§ **EXERCISE REQUIREMENTS**
From the line with "Meowoo Slytherin Legacy Party Banner" through the line with "TAM ÇILDIRMALIK HARİTA - GTA 5 KOMİK ANLAR", inclusive, return each line of the data below exactly and leave the rest out.

§ **Records from a data source**
+ + + + +
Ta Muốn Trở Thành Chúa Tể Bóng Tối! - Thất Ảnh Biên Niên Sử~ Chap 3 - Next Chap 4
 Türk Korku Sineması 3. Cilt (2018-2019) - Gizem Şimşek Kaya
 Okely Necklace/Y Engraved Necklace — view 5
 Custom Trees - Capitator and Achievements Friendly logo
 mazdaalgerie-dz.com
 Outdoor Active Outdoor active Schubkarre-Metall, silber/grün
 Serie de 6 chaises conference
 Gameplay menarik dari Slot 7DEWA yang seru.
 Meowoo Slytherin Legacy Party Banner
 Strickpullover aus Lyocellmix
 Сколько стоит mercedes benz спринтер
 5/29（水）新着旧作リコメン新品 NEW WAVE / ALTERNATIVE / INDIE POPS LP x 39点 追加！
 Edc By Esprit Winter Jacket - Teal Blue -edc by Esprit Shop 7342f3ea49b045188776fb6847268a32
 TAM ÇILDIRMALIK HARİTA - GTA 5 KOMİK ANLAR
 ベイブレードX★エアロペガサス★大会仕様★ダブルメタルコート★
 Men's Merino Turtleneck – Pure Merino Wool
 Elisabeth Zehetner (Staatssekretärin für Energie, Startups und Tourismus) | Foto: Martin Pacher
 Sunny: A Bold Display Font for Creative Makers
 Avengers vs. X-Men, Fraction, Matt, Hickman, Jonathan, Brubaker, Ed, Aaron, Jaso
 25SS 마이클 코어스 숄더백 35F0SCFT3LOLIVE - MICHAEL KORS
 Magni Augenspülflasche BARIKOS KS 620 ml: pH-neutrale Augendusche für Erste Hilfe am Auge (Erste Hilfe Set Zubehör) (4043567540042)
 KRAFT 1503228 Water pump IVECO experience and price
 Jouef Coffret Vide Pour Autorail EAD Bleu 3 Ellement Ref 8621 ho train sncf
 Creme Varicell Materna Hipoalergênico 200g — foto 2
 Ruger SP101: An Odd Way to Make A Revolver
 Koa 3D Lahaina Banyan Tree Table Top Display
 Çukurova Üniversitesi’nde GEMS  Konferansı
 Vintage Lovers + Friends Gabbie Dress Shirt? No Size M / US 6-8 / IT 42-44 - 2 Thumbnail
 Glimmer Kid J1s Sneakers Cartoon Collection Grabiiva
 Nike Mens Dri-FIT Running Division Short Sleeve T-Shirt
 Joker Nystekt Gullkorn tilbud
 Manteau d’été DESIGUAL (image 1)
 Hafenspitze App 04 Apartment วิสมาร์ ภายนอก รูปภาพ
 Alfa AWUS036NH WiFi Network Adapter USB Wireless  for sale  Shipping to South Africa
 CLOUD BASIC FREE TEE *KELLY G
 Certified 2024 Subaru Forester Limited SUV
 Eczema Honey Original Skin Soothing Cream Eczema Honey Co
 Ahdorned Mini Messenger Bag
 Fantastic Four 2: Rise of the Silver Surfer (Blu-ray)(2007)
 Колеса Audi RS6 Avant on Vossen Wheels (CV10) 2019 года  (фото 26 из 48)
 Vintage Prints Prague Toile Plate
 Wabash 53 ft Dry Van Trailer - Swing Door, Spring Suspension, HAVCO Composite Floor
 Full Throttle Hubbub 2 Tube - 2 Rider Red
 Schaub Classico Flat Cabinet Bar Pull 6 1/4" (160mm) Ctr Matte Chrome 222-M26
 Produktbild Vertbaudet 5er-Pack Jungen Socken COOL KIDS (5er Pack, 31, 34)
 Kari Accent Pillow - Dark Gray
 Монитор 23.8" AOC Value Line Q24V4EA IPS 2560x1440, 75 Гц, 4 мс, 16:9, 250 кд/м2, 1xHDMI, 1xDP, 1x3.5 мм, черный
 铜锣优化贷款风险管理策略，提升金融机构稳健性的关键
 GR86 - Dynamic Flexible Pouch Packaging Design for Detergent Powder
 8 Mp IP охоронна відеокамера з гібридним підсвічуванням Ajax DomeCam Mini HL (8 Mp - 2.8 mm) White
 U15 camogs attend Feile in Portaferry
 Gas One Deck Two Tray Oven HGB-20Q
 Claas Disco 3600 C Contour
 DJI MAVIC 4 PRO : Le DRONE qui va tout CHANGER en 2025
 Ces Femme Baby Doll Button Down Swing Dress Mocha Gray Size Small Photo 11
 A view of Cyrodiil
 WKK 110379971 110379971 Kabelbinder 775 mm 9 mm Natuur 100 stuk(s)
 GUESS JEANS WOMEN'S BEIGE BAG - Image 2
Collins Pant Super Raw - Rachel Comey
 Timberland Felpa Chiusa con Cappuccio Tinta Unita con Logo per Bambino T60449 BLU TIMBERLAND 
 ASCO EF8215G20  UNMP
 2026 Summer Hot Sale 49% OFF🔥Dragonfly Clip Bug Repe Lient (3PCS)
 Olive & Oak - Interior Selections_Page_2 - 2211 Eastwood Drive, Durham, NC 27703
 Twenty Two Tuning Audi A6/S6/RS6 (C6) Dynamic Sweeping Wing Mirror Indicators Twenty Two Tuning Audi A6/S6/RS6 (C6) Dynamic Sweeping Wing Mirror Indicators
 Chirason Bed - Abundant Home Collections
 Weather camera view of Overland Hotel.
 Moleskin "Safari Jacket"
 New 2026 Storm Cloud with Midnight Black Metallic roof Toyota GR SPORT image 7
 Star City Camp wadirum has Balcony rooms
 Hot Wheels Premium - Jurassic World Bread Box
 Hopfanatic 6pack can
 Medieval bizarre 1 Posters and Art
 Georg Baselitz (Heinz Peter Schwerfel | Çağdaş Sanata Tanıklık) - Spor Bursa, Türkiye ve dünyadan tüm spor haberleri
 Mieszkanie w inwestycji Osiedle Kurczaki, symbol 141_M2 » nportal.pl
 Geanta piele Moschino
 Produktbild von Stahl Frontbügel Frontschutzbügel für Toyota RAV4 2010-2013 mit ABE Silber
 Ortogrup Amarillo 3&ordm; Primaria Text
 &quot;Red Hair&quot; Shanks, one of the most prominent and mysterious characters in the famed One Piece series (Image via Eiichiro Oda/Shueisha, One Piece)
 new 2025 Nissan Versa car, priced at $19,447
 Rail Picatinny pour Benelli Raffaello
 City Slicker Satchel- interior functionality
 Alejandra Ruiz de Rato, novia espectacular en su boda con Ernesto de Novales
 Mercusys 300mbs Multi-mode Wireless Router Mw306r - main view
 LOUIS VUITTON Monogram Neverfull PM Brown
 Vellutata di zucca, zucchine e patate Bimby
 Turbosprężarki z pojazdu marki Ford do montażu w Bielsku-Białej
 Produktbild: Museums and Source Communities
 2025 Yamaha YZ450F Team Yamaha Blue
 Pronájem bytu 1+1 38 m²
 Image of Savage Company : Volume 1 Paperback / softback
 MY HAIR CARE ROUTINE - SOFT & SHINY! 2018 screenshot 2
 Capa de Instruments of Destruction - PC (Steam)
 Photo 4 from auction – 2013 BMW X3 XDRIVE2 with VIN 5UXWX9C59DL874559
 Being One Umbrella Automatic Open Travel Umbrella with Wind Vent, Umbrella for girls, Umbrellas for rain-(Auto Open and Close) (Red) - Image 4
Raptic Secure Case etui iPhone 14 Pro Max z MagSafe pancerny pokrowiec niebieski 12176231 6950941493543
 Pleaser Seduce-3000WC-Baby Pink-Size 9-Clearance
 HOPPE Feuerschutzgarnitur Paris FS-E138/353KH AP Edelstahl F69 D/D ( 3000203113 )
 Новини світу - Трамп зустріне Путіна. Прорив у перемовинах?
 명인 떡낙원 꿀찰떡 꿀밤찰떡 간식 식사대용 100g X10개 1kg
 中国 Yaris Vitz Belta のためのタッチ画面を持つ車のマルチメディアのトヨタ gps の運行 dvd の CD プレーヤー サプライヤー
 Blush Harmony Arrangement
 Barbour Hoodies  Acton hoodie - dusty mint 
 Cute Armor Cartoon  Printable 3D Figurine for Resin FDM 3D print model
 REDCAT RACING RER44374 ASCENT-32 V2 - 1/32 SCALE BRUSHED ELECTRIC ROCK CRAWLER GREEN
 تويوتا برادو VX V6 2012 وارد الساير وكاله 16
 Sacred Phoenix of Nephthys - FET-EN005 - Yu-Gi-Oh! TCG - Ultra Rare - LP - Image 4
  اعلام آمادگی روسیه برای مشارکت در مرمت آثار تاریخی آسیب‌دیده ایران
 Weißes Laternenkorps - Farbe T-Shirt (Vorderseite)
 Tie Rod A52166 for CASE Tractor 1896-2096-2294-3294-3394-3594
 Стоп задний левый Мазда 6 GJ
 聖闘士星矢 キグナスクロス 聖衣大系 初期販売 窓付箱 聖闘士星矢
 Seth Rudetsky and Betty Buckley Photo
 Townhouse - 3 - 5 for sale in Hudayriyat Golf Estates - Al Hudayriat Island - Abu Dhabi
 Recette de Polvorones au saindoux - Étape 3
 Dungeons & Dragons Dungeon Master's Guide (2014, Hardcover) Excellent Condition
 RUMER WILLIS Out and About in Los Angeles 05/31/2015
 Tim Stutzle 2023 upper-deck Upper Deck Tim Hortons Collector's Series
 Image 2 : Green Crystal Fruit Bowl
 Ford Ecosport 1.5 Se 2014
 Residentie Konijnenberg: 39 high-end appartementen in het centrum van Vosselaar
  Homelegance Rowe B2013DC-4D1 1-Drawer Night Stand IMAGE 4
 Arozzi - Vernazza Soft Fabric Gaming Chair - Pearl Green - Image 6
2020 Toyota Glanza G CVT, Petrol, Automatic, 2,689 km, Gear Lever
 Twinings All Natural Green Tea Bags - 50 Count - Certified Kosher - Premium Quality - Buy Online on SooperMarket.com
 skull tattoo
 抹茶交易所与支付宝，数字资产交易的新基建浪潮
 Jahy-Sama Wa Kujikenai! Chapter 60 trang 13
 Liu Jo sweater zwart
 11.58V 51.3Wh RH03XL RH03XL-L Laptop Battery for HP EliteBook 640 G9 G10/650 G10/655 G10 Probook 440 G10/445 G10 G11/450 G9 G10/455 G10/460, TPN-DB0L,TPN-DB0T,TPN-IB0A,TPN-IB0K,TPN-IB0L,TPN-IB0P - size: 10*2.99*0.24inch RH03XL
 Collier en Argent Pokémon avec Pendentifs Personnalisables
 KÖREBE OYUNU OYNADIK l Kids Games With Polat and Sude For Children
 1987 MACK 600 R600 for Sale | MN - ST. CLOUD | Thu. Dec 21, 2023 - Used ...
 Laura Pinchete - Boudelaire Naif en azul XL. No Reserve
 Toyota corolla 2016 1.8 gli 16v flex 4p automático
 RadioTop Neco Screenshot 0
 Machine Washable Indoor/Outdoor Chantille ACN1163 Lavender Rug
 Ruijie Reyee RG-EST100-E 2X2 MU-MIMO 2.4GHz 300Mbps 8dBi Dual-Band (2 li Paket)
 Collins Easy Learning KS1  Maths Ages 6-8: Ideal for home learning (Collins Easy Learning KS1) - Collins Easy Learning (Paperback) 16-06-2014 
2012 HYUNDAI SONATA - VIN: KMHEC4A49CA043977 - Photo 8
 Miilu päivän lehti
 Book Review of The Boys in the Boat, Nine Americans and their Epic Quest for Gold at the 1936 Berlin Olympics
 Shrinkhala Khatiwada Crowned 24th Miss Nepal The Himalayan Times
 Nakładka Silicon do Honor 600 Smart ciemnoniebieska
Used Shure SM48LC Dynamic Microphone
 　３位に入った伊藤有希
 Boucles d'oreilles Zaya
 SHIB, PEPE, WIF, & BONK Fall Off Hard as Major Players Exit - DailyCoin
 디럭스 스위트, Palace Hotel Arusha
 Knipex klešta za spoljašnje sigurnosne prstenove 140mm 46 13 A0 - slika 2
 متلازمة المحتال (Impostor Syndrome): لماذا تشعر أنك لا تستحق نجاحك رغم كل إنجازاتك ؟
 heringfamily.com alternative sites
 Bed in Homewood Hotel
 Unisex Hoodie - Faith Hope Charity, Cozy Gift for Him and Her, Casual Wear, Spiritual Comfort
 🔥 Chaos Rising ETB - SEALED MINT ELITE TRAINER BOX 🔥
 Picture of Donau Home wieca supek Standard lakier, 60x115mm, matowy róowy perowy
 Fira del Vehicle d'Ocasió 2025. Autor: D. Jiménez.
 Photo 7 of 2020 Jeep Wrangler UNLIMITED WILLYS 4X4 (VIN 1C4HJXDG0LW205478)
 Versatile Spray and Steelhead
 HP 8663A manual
+ + + + +
§ **EXERCISE SOLUTION**
 Meowoo Slytherin Legacy Party Banner
 Strickpullover aus Lyocellmix
 Сколько стоит mercedes benz спринтер
 5/29（水）新着旧作リコメン新品 NEW WAVE / ALTERNATIVE / INDIE POPS LP x 39点 追加！
 Edc By Esprit Winter Jacket - Teal Blue -edc by Esprit Shop 7342f3ea49b045188776fb6847268a32
 TAM ÇILDIRMALIK HARİTA - GTA 5 KOMİK ANLAR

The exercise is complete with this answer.